In response to our complaint, the Office of the B.C. Information and Privacy Commissioner (OIPC) has now confirmed and clarified that FIPPA would not be an impediment – the choice of whether to post rests with government ministers.
The reports in question deal with the mysterious Ministry of Health data breach firings (the McNeil report) and with excessive executive payments at Kwantlen University (the Mingay Report). Both reflect unfavourably on the government and senior officials.
In order to avoid posting the reports, the government had claimed that FIPPA’s section 33.2 prevented them from posting the reports—which contained personal information, and might run counter to the “reputational interests” of public servants or public figures—online, where they would be “accessible” outside Canada.

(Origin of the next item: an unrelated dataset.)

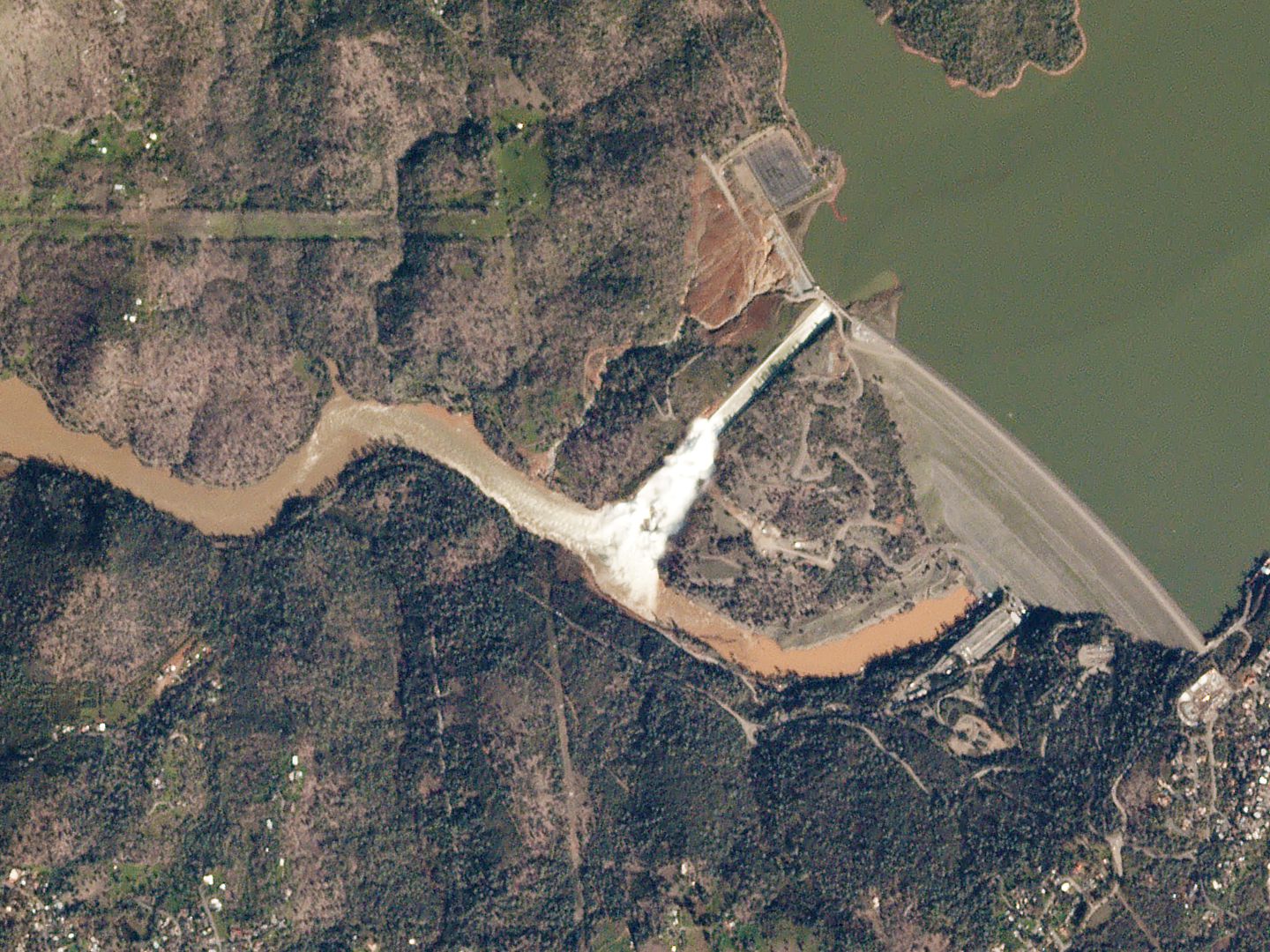 FileOroville Dam, California, 20170214 by Labs.jpg Wikimedia Commons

But now, the OIPC has made it clear: minsters have the power to order such reports to be published on the web, notwithstanding the domestic data storage provisions of the Act. The intention of section 33.2 is not to keep government from being held accountable.
In a news release, FIPA Executive Director Vincent Gogolek stated, “We’re pleased that the Commissioner has undercut the government’s attempt to stretch the Act’s provisions to suit their own PR purposes. If the government doesn’t post these and similar reports, it is because they don’t want them to circulate, not because of any legal prohibition.”
The OIPC has recommended that the Special Legislative Committee currently reviewing FIPPA be made aware of the problematic wording that allowed the B.C. Government to make this claim in the first place. We at FIPA couldn’t agree more and we will definitely being bringing this to the Committee’s attention when we appear this fall.